Please quote any relevant correspondence of yours with these gentlemen. Also, could an owner of said chart quote its exact copyright claims and statements? I believe copyright doesn't even apply here. We do not copy any accompanying descriptions, color coding, arrangement, or specific tabulation layouts that are of any creative worth. Neither would it be plausible for them to claim "sweat of brow work" or recent discovery for all these facts or an substantial part thereof, which may make it eligible to fall under specific database protection laws where applicable (and for which WP would likely be exempted anyway). I am not a lawyer.
My suggestion would be just to change any citation in our references section to something like this:
  • Wikipedia's data does not cite the Chart of Nuclides by Knolls Atomic Power Lab as its reference, though any facts may have been verified at one time by individual editors from their personal references to coincide with said publication.
If they play the "our data" game, we can do that too. Femto 28 June 2005 12:37 (UTC)
"Dear Mr. (Last name withheld), I have consulted the KAPL attorney regarding your request to use data contained in the Chart of the Nuclides in the open source encyclopedia, Wikipedia. As you know, there is a copywrite [sic] on the Chart by KAPL, Inc. According to our attorney, if we allow Chart information to be published in a "free access media" like Wikipedia, we would essentially be violating our own copywrite [sic]. We, therefore, cannot give you permission to use the data.

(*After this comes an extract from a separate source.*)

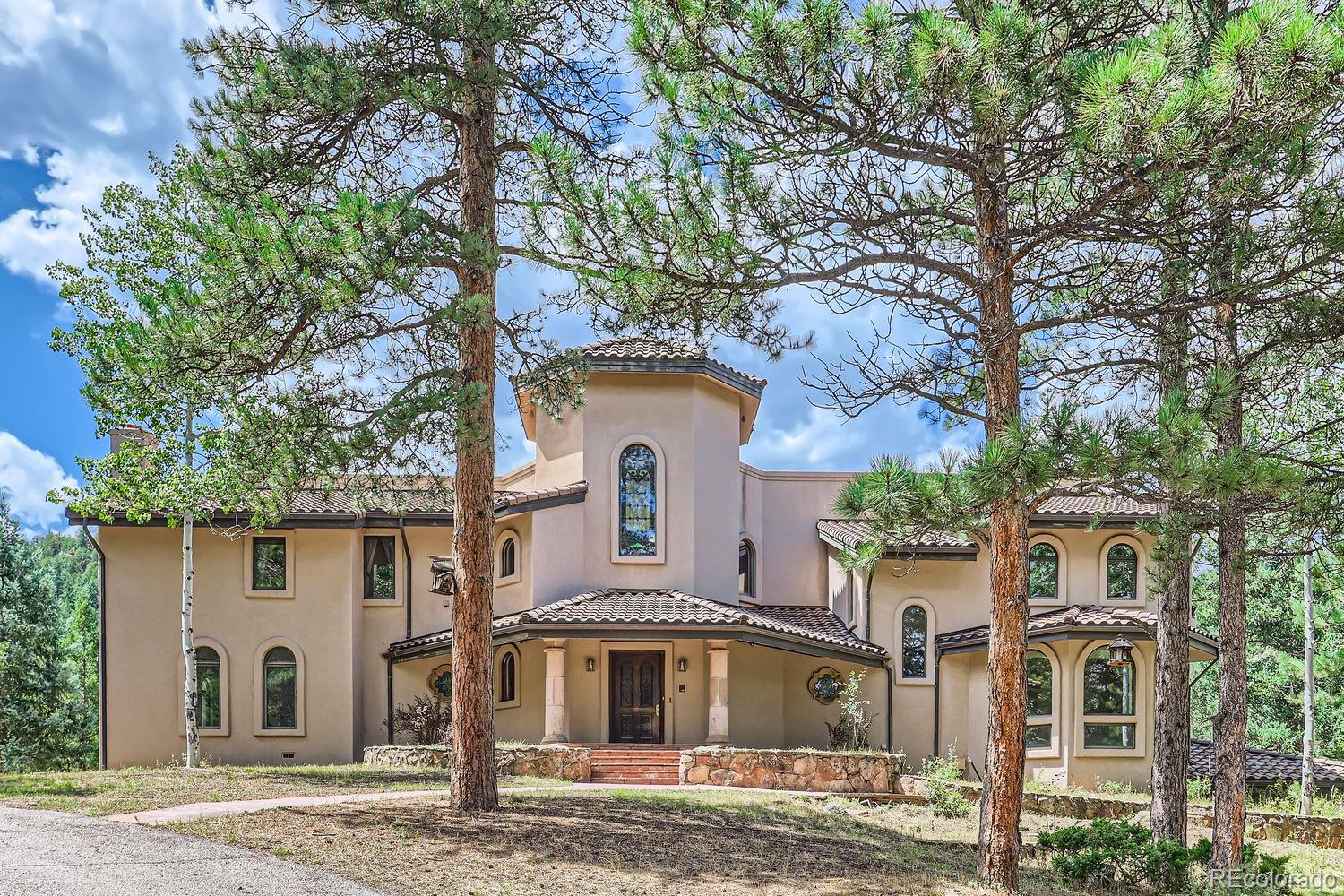 a front view of a house with a tree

Sincerely, [The Authors]"
After an inquiry I made about using their data in April, a letter (above) was sent to my office mailbox at Purdue by the authors as well as my email that I received yesterday. — oo64eva (Alex) (U | T | C) @ June 28, 2005 13:42 (UTC)
Why would you even ask them for permission? As long as we use only the facts presented we are fine. The supreme court of the US ruled that one cannot copyright data. It was a case on a phone book. It was ruled that anyone can take the data in a phone book and re-arange it because the "original" aspect, the page numbers and formatting, were not copied. The data is not sufficently original and therefore not copyrightable. Try asking wikipedia's lawyers and see what they have to say one the issue, after all, IANAL. --metta, The Sunborn 28 June 2005 13:56 (UTC)
Why are we not using NuDat, which is published on a .gov, and thus is probably public domain? -- Xerxes 2005 June 28 15:36 (UTC)
Because NuDat doesn't give us decay energy. Plus I am not convinced that they are any more government than the Knolls Atomic Power Laboratory. --metta, The Sunborn 28 June 2005 16:18 (UTC)
It's run by the US Department of Energy out of Brookhaven National Labs on a .gov web address. How much more government can you get? And it has all decays and energy levels, both of isotopes and isomers. See, for example: Decay of the U-238 isotope. -- Xerxes 2005 June 28 17:07 (UTC)
So it does have decay emission energy. It even has branching data too. I have been poking around that site for days and hadn't found any energy emission levels. And for the record, the people that are claiming copyrights have a .gov tld too. --metta, The Sunborn 28 June 2005 18:23 (UTC)
I asked permission because it's just not as simple as saying the data is fair use because it is simply data. The entire chart is copyrighted. What obviously can't be copyrighted is atomic weights and half lives but I'm not too sure about other data they present. We don't have to worry about form because our style of chart is unlike any other because of its vertical top-down design. — oo64eva (Alex) (U | T | C) @ June 28, 2005 18:20 (UTC)
A .gov web address by no means suggests that the data is PD, which as well may be sub-licensed work created by contractors, for instance. — Why are we not using the best of both (or more) worlds? No one source is as reliable as two sources combined. I'm thinking of data pages similar to electrical resistivities of the elements (data page) for example, that compare, keep comparable, and select the best data from several available sources. It's good when individual editors check for (dis)agreements between multiple sources, but the information about the decisions that led to the selection of certain values is essentially lost. By far not everybody has access to all of the possible sources, and all this data has to be viewed and collected in any case, so why not make it available? Also, comparing data from several sources would make these pages of Wikipedia a true scientific educational work in its own right, and much harder to claim they're just ripping off some book or website. Femto 28 June 2005 20:04 (UTC)

branching data

Now that we have branching data from Brookhaven National Labs do we want to include it? I have a prototype on my personal sandbox. Have a look: User:Sunborn/sandbox. The only difference is the decay is in symbol and the space used for the branching data --metta, The Sunborn 1 July 2005 16:57 (UTC)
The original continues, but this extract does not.